EXERCISE => Each record should be given back exactly, with none missing.

Source data

┌────────

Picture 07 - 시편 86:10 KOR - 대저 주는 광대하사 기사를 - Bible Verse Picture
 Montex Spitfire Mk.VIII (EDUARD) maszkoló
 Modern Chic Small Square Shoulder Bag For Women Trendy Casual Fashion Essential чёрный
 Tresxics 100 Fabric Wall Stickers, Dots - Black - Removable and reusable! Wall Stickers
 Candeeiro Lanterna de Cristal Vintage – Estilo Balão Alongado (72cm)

└────────

YOUR RESPONSE =>
Picture 07 - 시편 86:10 KOR - 대저 주는 광대하사 기사를 - Bible Verse Picture
 Montex Spitfire Mk.VIII (EDUARD) maszkoló
 Modern Chic Small Square Shoulder Bag For Women Trendy Casual Fashion Essential чёрный
 Tresxics 100 Fabric Wall Stickers, Dots - Black - Removable and reusable! Wall Stickers
 Candeeiro Lanterna de Cristal Vintage – Estilo Balão Alongado (72cm)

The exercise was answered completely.